Datto Owner's CEO Takes Non-Prosecution Agreement for 'Serious Crimes'Datto Owner's CEO Takes Non-Prosecution Agreement for 'Serious Crimes'
Robert Smith's cooperation is preventing his indictment.
October 16, 2020
The founder, chairman and CEO of Vista Equity Partners, which owns Datto, has entered a non-prosecution agreement involving an international tax fraud scheme.
Vista Equity Partners’ Robert Smith
Robert Smith entered the non-prosecution agreement with the Department of Justice (DOJ). It’s for his role from 2000 through 2015 in an illegal scheme to conceal income and evade millions in taxes by using an offshore trust structure and offshore bank accounts.
Smith willfully did not report to the IRS over $200 million of partnership income. He also failed to report his ownership of his foreign bank accounts as required by law.

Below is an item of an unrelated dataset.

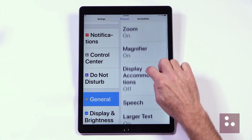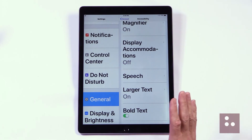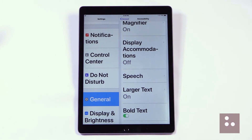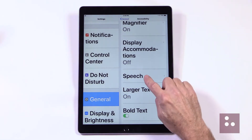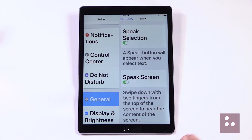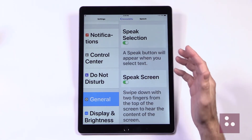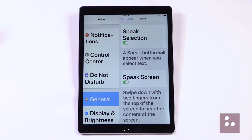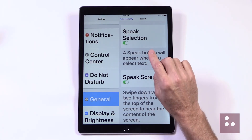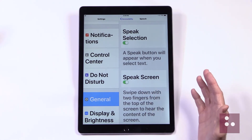Just below our Display Accommodations button, we'll find our Speech button. We have some really great speech features here, so let's go ahead and tap our Speech button and quickly check it all out. Our Speak Selection feature is the first item in our list here, and our Speak Selection feature is another one of those items that can really help to reduce eye fatigue. This feature is super useful for reading smaller pieces of text that we have selected.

Smith will pay more than $139 million in taxes and penalties, according to the non-prosecution agreement.
No Vista Equity Partners entity is part of the settlement. Furthermore, the DOJ has never claimed that Vista Equity Partners, nor any of its funds or portfolio companies, were involved, of interest or under investigation.
Hiding from the IRS
In the agreement, Smith admits his involvement in the illegal scheme.
“It is never too late to do the right thing,” said U.S. Attorney David Anderson for the Northern District of California. “It is never too late to tell the truth. Smith committed serious crimes, but he also agreed to cooperate. Smith’s agreement to cooperate has put him on a path away from indictment.”
According to the agreement, Smith formed the Excelsior Trust in Belize, and a shell company, Flash Holdings, in Nevis, a small island in the Caribbean, in 2000. He used third parties to conceal his beneficial ownership and control of Excelsior Trust and Flash Holdings.
In reality, Smith controlled both offshore structures and made all substantive decisions regarding Flash Holdings’ operations, transactions, income, investments and assets, the agreement said. He used the Excelsior Trust to conceal his ownership and control over Flash Holdings. He further used Flash Holdings to hide his interest in private equity investments. Smith admits he formed these foreign entities to use them to avoid paying U.S. taxes.
Furthermore, Smith admits that he “knowingly and intentionally” used the Excelsior Trust and Flash Holdings and their associated foreign bank accounts to conceal from the IRS and the U.S. Treasury Department income earned and distributed to Flash Holdings from private equity funds.
Using Unreported Income
Over the years, Smith used millions of this unreported income to acquire and make improvements to real estate used for his personal benefit. He admits he used about $2.5 million in untaxed funds to purchase and renovate a vacation home in Sonoma, California. In 2010, he again used untaxed funds to purchase two ski properties and a piece of commercial property in France.
In 2011 and 2012, Smith used about $13 million of untaxed funds to build and make improvement to a residence in Colorado. He also funded charitable activities at the property.
Smith agrees to abandon his protective claims for a refund totaling about $182 million that were filed with the IRS. The protective refund claims consisted, in part, of claims for charitable contribution deductions on Sept. 21, 2018, and Oct. 11, 2019.